→ **Task requirements**: Every line of the listing below from the one with "this 297×220 image." up to and including the one with "this 852×628 image." should be retyped exactly, and nothing else; pictures are not part of the copy.

→ **Data provided**:
------------------------------------------------------------------------

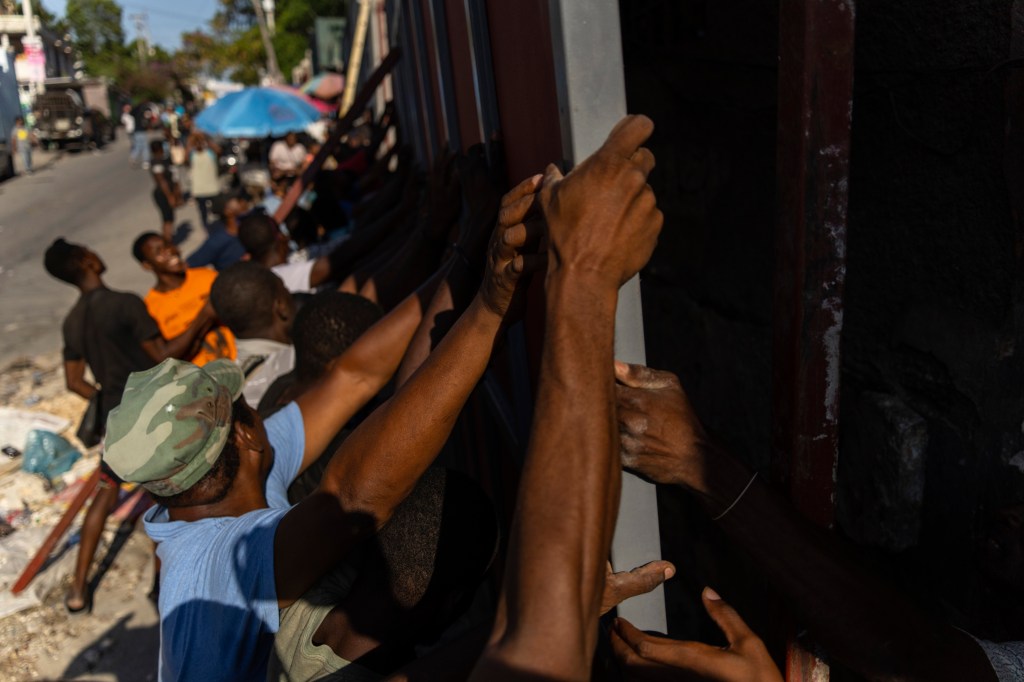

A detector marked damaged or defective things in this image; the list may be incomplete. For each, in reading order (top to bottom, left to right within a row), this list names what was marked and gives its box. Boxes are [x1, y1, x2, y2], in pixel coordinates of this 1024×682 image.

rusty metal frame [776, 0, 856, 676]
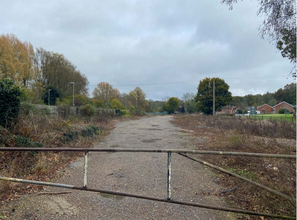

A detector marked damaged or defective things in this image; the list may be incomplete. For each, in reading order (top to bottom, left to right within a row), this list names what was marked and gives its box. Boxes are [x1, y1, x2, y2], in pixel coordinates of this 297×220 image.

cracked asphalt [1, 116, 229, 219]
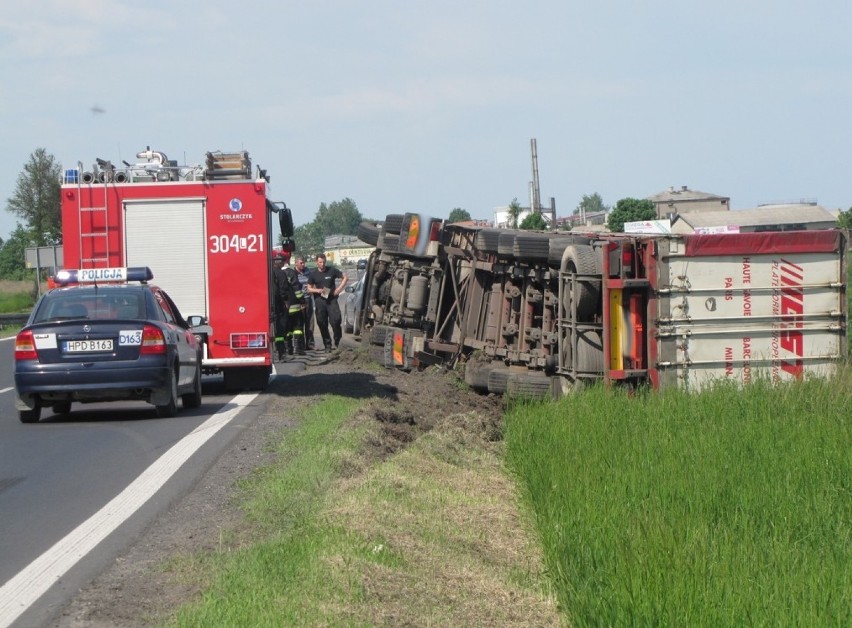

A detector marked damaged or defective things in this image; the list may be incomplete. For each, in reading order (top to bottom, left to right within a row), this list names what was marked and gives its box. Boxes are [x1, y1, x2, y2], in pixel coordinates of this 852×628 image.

------------------------------------------------------------------------

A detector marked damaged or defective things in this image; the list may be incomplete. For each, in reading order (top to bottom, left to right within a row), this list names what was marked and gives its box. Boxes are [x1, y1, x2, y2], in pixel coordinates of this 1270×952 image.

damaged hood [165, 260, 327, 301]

------------------------------------------------------------------------

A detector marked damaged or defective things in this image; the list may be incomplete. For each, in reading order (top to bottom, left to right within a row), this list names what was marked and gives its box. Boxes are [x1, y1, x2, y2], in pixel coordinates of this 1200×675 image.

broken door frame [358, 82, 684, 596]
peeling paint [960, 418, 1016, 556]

------------------------------------------------------------------------

→ **Solution to this problem**:
A detector marked damaged or defective things in this image; the list may be incomplete. For each, in reading order (top to bottom, left to right within a row), this list names what was marked and gives its box. Boxes are [x1, y1, x2, y2], in pixel coordinates of this 297×220 image.

cracked asphalt [1, 116, 229, 219]

A detector marked damaged or defective things in this image; the list may be incomplete. For each, in reading order (top to bottom, left to right within a row), this list names what was marked and gives its box. Boxes are [x1, y1, x2, y2], in pixel coordinates of this 852×628 image.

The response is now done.